Le climat est un sujet de préoccupation majeure pour nos concitoyens dans nos deux pays et une priorité de notre politique étrangère. Nous sommes heureux d’être partenaires du JET-P [Just Energy Partnership Partnership], dans lequel nous allons investir 1 milliard d’euros. J’insiste sur l’adjectif « juste » pour qualifier cette transition. Un point essentiel pour nous, c’est en effet que les populations et les territoires économiquement dépendants de la production de charbon puissent diversifier leurs activités. Cette transition ne peut réussir que si elle est juste socialement. Notre effort va d’ailleurs bien au-delà. Jeudi, nous allons accueillir à Paris un Sommet sur le nouveau pacte financier mondial qui permettra de mieux répondre aux besoins de financement des pays qui en ont le plus besoin, notamment pour leur transition écologique. Aucun pays ne doit avoir à choisir entre la réduction de la pauvreté et la protection de la planète.

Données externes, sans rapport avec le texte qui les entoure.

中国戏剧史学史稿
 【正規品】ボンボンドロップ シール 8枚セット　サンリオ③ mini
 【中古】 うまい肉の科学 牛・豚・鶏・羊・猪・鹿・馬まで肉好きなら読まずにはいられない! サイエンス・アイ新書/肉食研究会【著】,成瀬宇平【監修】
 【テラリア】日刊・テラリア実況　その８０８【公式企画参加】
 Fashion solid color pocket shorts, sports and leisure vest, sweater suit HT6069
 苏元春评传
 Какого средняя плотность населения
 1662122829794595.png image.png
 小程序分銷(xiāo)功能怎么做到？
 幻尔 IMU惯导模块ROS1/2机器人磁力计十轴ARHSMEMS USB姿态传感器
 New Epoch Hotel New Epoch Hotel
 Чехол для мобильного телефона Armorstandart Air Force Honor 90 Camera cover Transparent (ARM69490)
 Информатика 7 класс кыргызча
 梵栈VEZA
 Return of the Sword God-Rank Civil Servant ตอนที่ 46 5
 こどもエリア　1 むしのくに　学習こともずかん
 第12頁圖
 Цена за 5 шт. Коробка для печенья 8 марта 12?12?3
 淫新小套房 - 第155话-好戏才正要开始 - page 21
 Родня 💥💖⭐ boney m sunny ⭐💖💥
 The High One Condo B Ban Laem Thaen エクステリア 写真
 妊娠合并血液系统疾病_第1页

La France a subi des revers en Afrique, au Mali, au Burkina Faso, en République centrafricaine, etc. Comment réajuste-t-elle sa politique africaine en conséquence ?

Le président Macron a engagé une profonde réforme de nos relations avec les pays du continent africain. Cela a été fait dès son discours à des étudiants à Ouagadougou, en 2017. Il a eu l’occasion d’y revenir au sommet de Montpellier, en 2021, auquel ont participé de nombreux acteurs de la société civile, artistes, entrepreneurs, et intellectuels, et notamment beaucoup de jeunes Sud-Africains Nous voulons bâtir une nouvelle relation, partenariale et responsable, dans laquelle nous traitons ensemble nos défis communs, tout en assumant aussi nos intérêts. Nous renforçons nos axes de coopération dans l’innovation, la culture, l’entrepreneuriat, l’égalité femmes-hommes et la lutte contre le changement climatique, où nous avons tant à faire ensemble. Nous pouvons nous appuyer sur les liens humains très intenses que nous avons avec de nombreux pays africains. Quant à la sécurité, qui fait naturellement partie de nos préoccupations communes, nous avons été amenés à intervenir fortement dans la lutte contre le terrorisme et en soutien à des initiatives sur des crises régionales. Ces actions, nous ne les menons qu’à la demande des gouvernements des pays concernés, dans un cadre international conforme aux résolutions des Nations unies, et en coopération avec les organisations régionales, notamment l’Union africaine. Nous sommes fiers d’être un partenaire fiable des pays africains dans ce domaine et de voir un engagement accru de l’ensemble de nos partenaires de l’Union européenne. Contrairement à ce qu’on peut lire parfois, je vous assure que nos relations sont bonnes avec l’immense majorité des 54 pays d’Afrique.